Re: [PATCH] Re: Possible FS race condition between iterate_dir and d_alloc_parallel

Al Viro <viro@xxxxxxxxxxxxxxxxxx> · Sun, 15 Sep 2019 01:50:46 +0100

On Sat, Sep 14, 2019 at 03:57:15PM -0700, Linus Torvalds wrote:

> But it is also possible that we could avoid some of that O(n**2)
> behavior by simply not adding the corsor to the end of the dentry
> child list at all. Right now your patch *always* sets the cursor at a
> valid point - even if it's at the end of the directory. But we could
> skip the "end of the directory" case entirely and just set a flag in
> the file for "at eof" instead.

Yeah.

> That way the cursor at least wouldn't exist for the common cases when
> we return to user space (at the beginning of the readdir and at the
> end). Which might make the cursors simply not be quite as common, even
> when you have a _lot_ of concurrent readdir() users.
> 
> There may be other similar things we could do to minimize the pressure
> on the parent dentry lock.

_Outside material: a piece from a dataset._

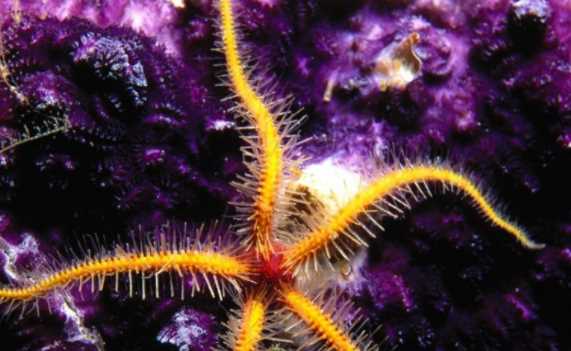 渾身帶刺的動物,除了刺猬,還有什么動物帶刺?圖3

For example, maybe we could insert a cursor
> only _between_ readdir() calls, but then in the readdir() loop itself,
> we know we hold the inode lock shared for the directory, so during
> _that_ loop we can use the existing positive dentries that we keep a
> refcount to as cursors.
> 
> Because if the only reason to not use existing dentry pointers as
> cursors is the concurrent rename() issue, then _that_ is certainly
> something that the parent inode shared lock should protect against,
> even if the child dentry list can change in other ways).
> 
> So if the main 'reaim' problem was that the dentry child list itself
> grew due to the cursor pressure (and that is likely) and that in turn
> then caused the O(n**2) bad locking behavior due to having to walk
> much longer dentry child chains, then I suspect that we can do a few
> tweaks to simply not make that happen in practice.
> 
> Yes, I realize that I'm handwaving a bit on the two above suggestions,
> but don't you think that sounds doable?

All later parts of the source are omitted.